Getting back on specifying track after yesterday’s ferret finding adventures, and today’s task is to order lights and the bathroom for Rose Cottage. Our furry friend made the local 5 o’clock news on Channel M which was very funny, but it was my lamp post ‘found’ posters and asking at a local MOT station with nosey mechanics always out on the road which located her owner, Linda who lives half way between my house and Rose. I’d walked right past her front door whilst transporting said ferret yesterday. ‘Tessa’ was delighted to be reunited with her owner, and off they went, leaving me with a blanket to wash, a piece of kidney still to retrieve from behind the boiler and a lingering ferret aroma in the hall, which an M&S festive candle soon sorted out.

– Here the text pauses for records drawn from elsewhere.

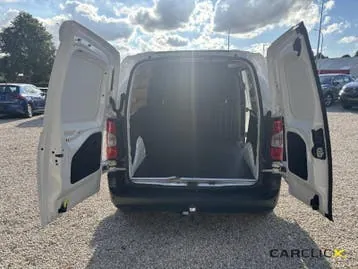 Citroen Berlingo 2019 photo 3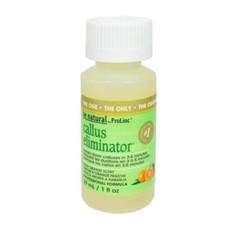 ProLinc Be Natural – Orange Callus Eliminator – 1oz / 29ml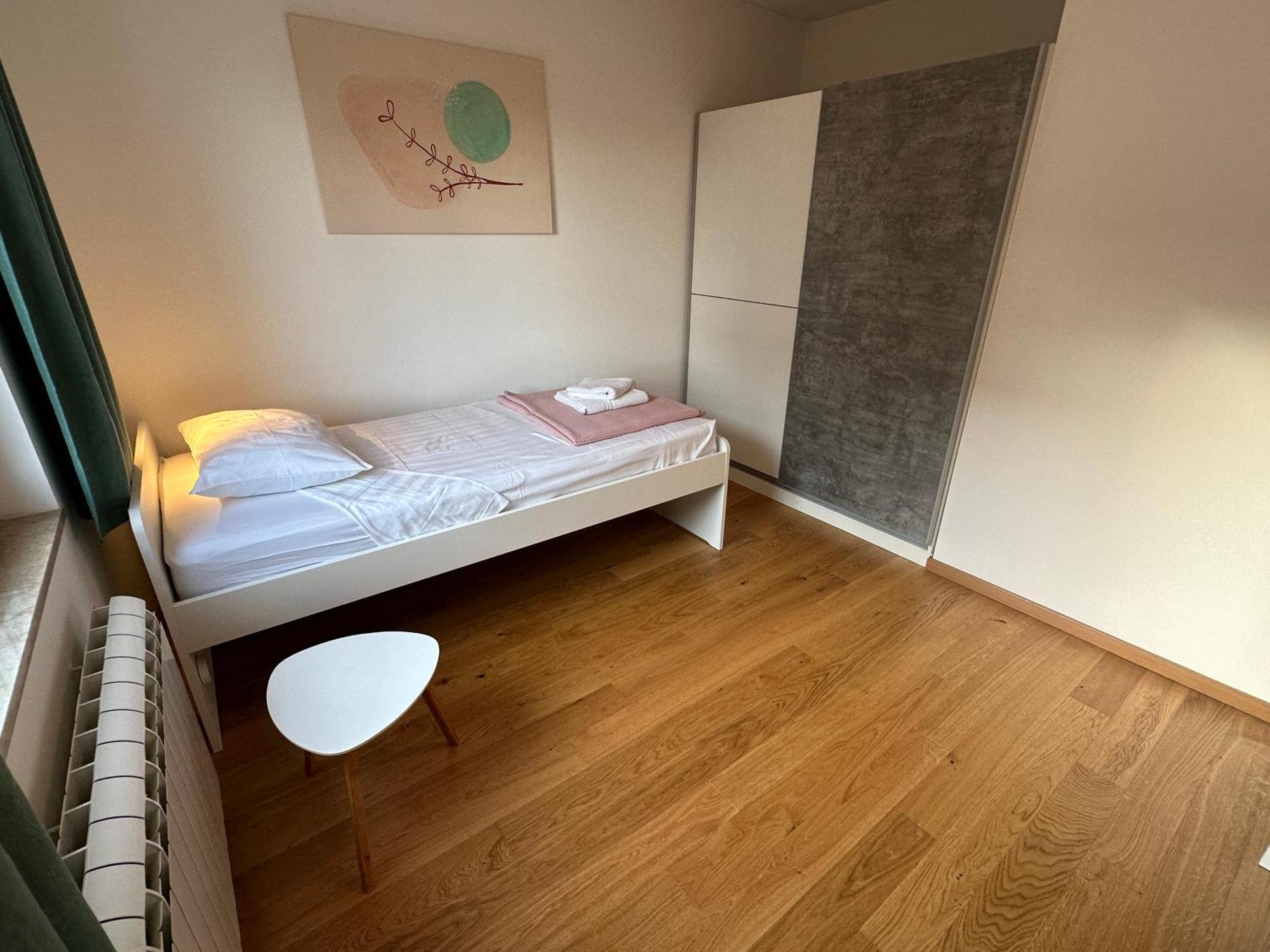 בפורטורוז Apartment Cvetka מראה חיצוני תמונה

I’ve just had a call from the Manchester Evening News who want to run a piece on Tessa the errant Ferret too, can’t wait to see that 🙂
Georgian cottages like Rose Cottage 200 years ago weren’t noted for their extravagant bathrooms, so anything we do is really a translation of typical Georgian style, colours and detailing into a house which would never have originally had such a room. Cheating, actually. However if I gave Hannah a potty in the garden and a kettle, there’s a fairly solid chance I may end up with the potty on my head.

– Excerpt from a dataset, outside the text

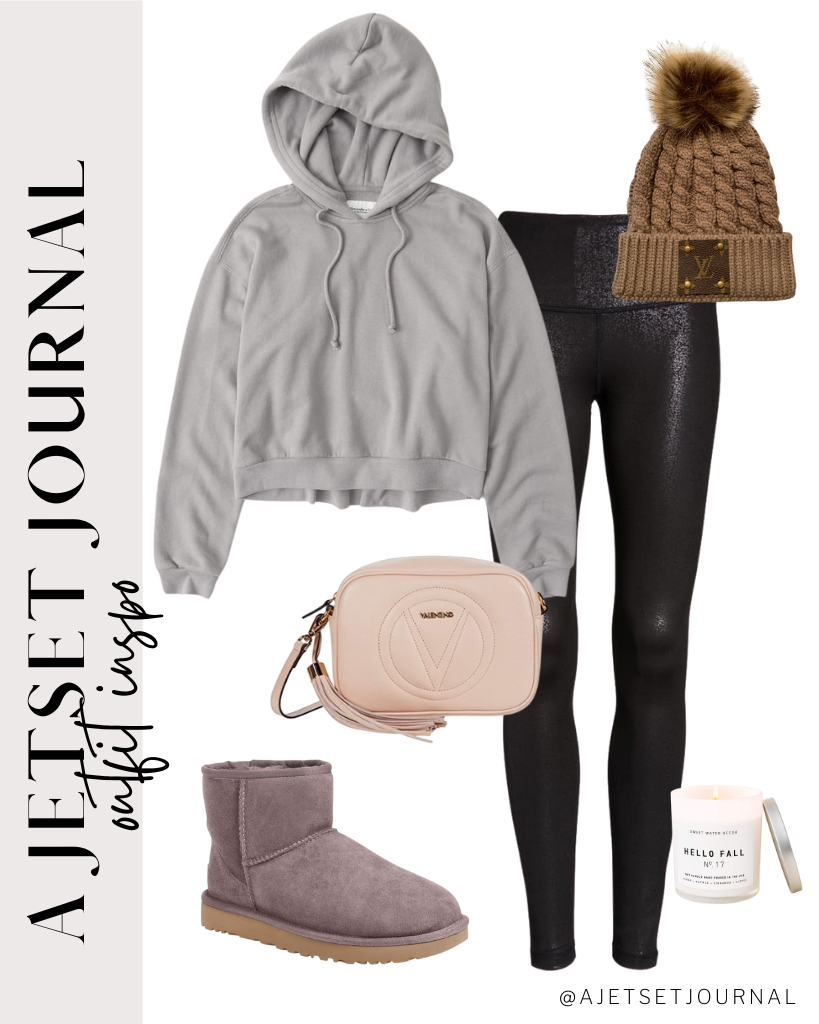 Cute Outfits to Style Now - A Jetset Journal
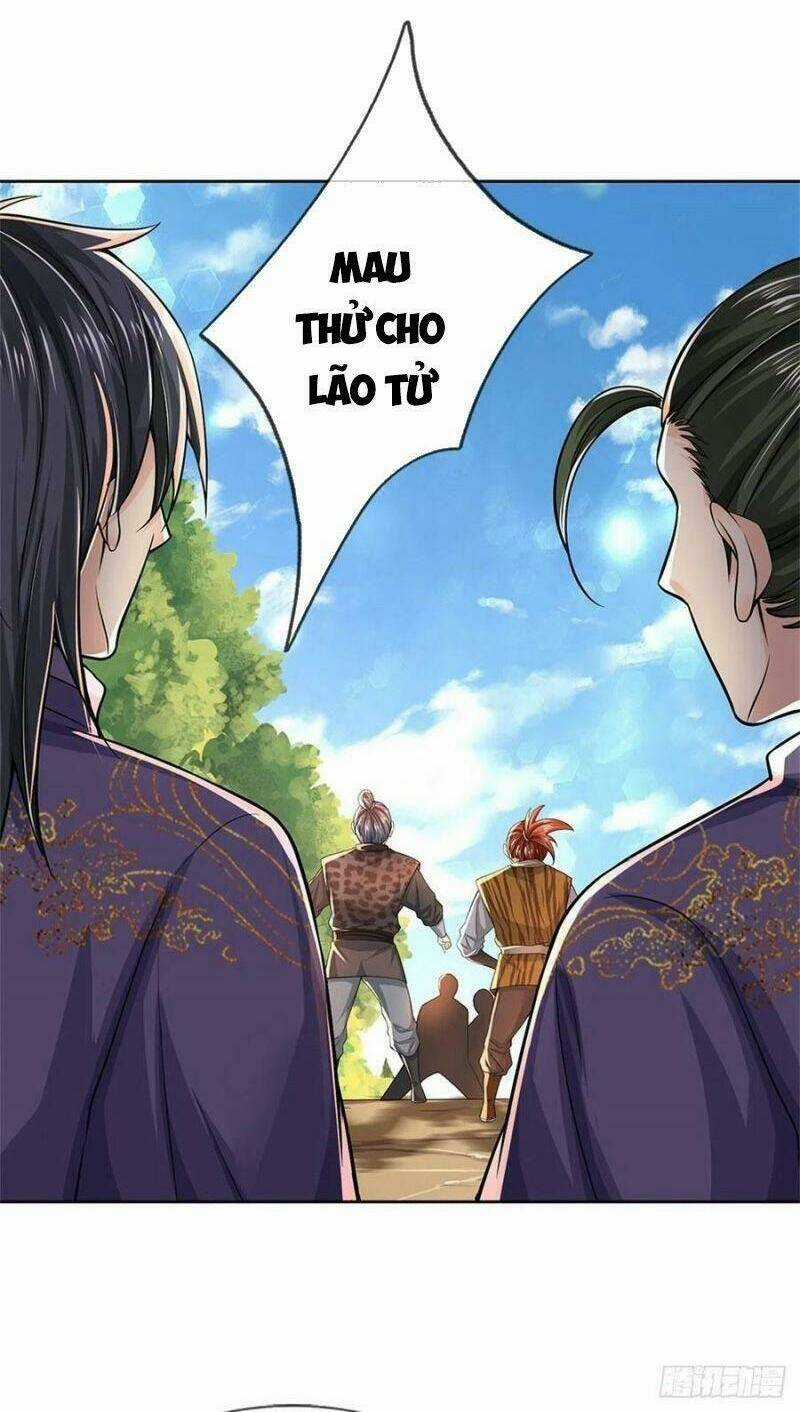 Chúa Tể Chi Lộ - Chapter 81 - Trang 28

Shabby chic with a period twist is the order of the day; timber panelling, muted colours, wash stand style basins, subway style tiles, lace at the window…….

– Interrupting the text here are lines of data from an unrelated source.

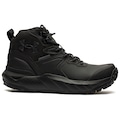 Tênis Under Armour CH.Slight 3 Masculino PRETO/CINZA ESC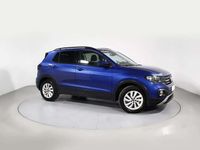 usado VW T-Cross - 1.0 Tsi Advance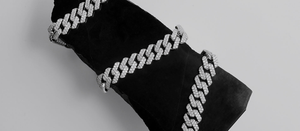 Mens Bracelets - Golden Concept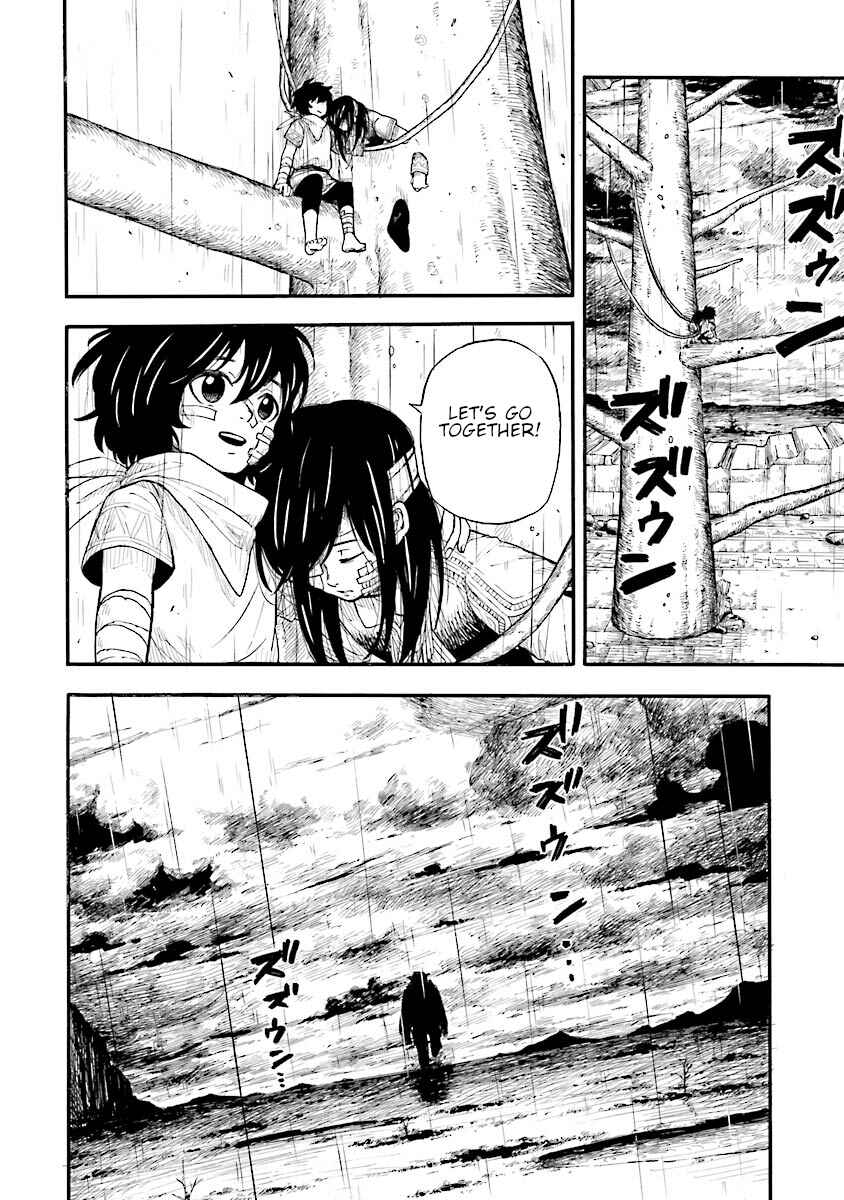 Page 46 Chapter 3 Dodoma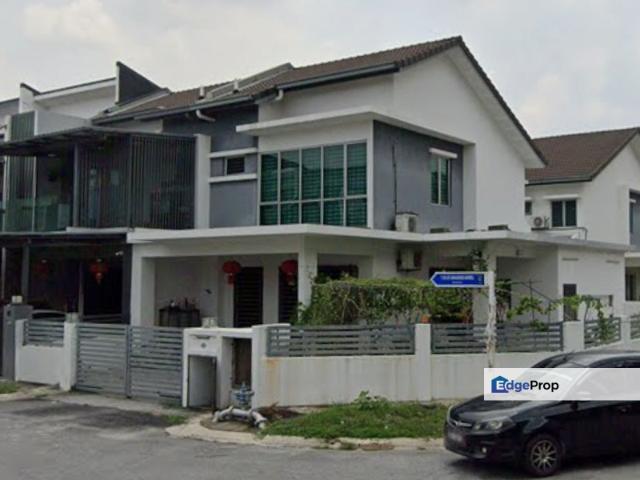 Taman Sejati 5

This image above has the type of basin preferred, with a chrome wash stand supporting the period ceramic basin. Kindly taken from http://www.katyelliott.com/blog/2009/04/traditional-bathroom-inspiration.html. Unfortunately a roll top bath isn’t practical in Rose’s bathroom as Hannah wants a powerful wall mounted shower, not the overhead shower style suitable for these period baths. We also only have 1600mm wall length where the bath can go and not the 1700mm of a standard bath length, so it’s a bit of a squeeze and a non-standard bath is required.
We’ve picked the basin from a company based over in Bradford called Burlington Bathrooms, the guys there have been super helpful:
and the WC from the same range, which has the detailing of a ceramic handle with an oak seat. The seat also comes in a very dark oak finish and white, but the pale oak is similar in shading and finish to the timber flooring to be used and also to the kitchen unit finishes. This may seem excessive, as you can’t see the kitchen from the loo (obviously!) but the consistent use of finishes lends a much more professional look to the scheme – keeping to the same palette of materials gives harmony to a house!
And let’s face it, when this is the bathroom at the moment:
….it could do with a bit of harmony!